You question is not so clear.
But let's assume two scenarios:
you are encoding in some strange way the input features with target info
you are simply encoding the regression values, and, for example, you have set buckets values for the outcome:
something like
[0, 20] -> 1
[21, 40] -> 2
[41, 60] -> 3
[61, 80] -> 4
[81, 100] -> 5
Answer
If you are encoding your features with the the target value in some strange way, there is something wrong. You are basically introducing the info that you are trying to predict in the source, and that's a data leak. A model with this kind of set-up will not work on real data, because it's like cheating
If you are encoding your targets, which is quite common, there is nothing to change in your pipeline. Because features encoding and target encoding are two separate and independent steps
Usually there will be two encoder functions, one for the features, and one for the target, and these functions will be independent.

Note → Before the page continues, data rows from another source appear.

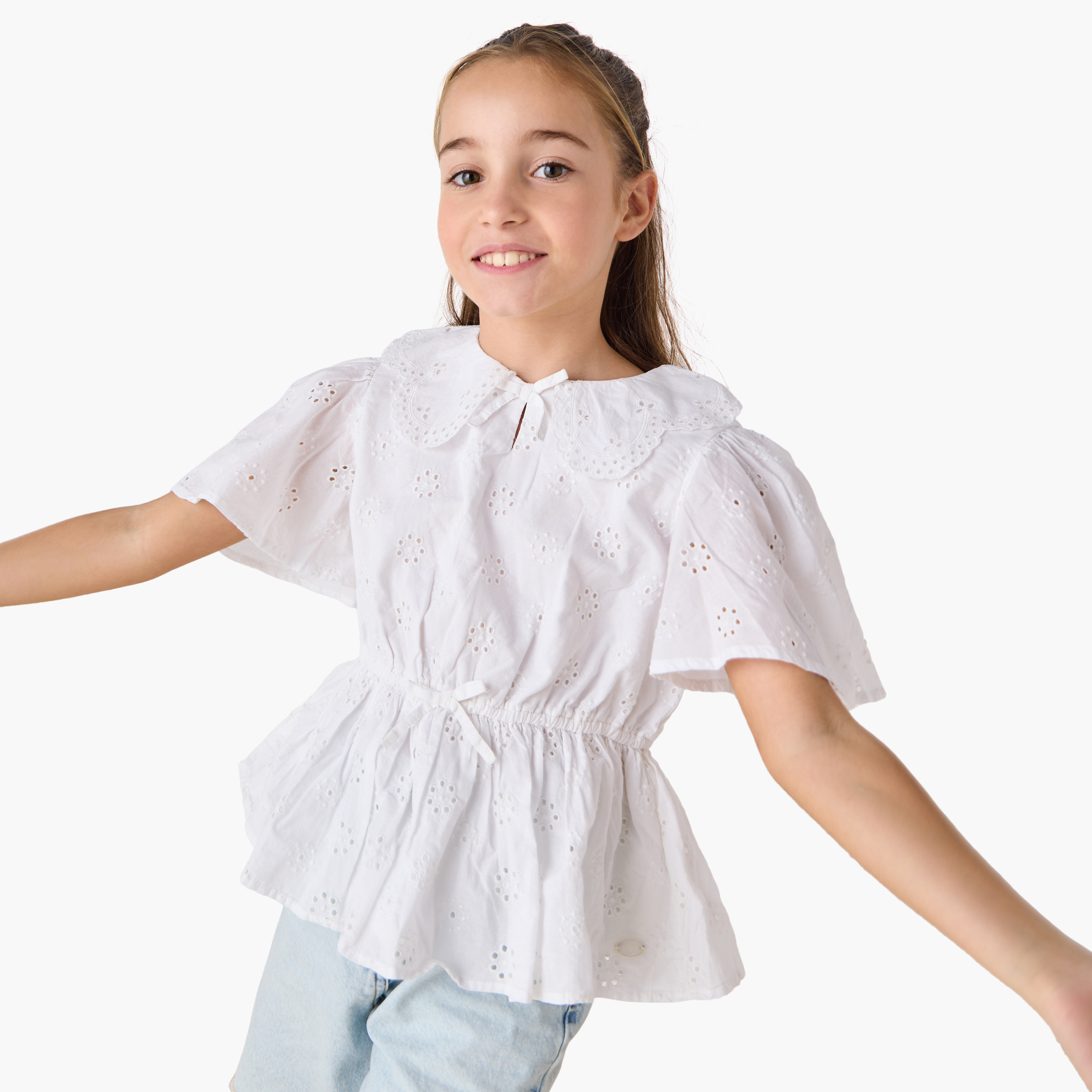 بلوزة بيبلوم بتفاصيل شيفلي وأكمام واسعة من إليجو-girls-clothing-blousesandshirts-image-5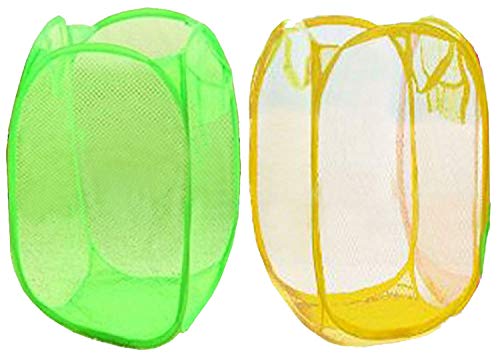 Kuber Industries Pack of 2 Nylon Mesh Laundry Basket, 20 LTR,CTKNEW198 (Assorted)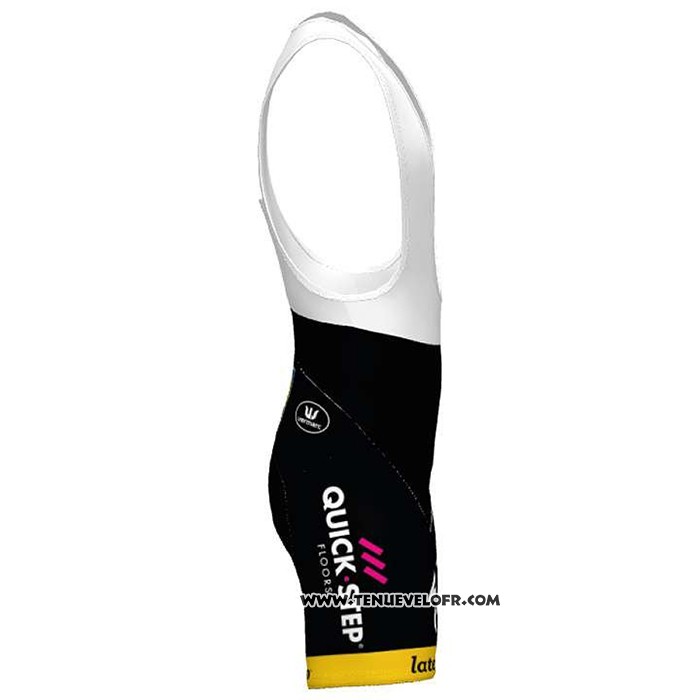 2020 Maillot Ciclismo Deceuninck Quick Step Blanc Jaune Manches Courtes et Cuissard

In the training situation, you'll have a g(x) encoder for features (with x being the input matrix features), and t(y) function for encoding the target (with y being the target values)
when you do the training, you need both encoded features and encoded labels to calculate errors and improve the model, so you'll do something like this:
model.fit(g(x_train), t(y_train)) # iterate: train data on g(x_train), calculate loss with t(y_train) and change the model accordingly
when you'll do the prediction you'll work with something like this:
y_test = model.predict(g(x_test)) # test with encoded unseen data
Assuming the scenario in which you have used the example buckets above, y_test
will be already encoded, with values like [1, 2, 3, 4, 5]
.
So there will be no need to use the encoding of your target output, because the target is the output of your prediction, and in no way it should be used as info, encoded in some way, in the training features
The target should be used only in the loss function during the training
So, in summary:
- Training could have two independent encoders
- g(x) for x features
- t(y) for y labels/target
and these encoders are independent (e.g. they are constructed without knowing anything of eachother)
- Test on unseen data can have only encoders for the features (already obtained from the training)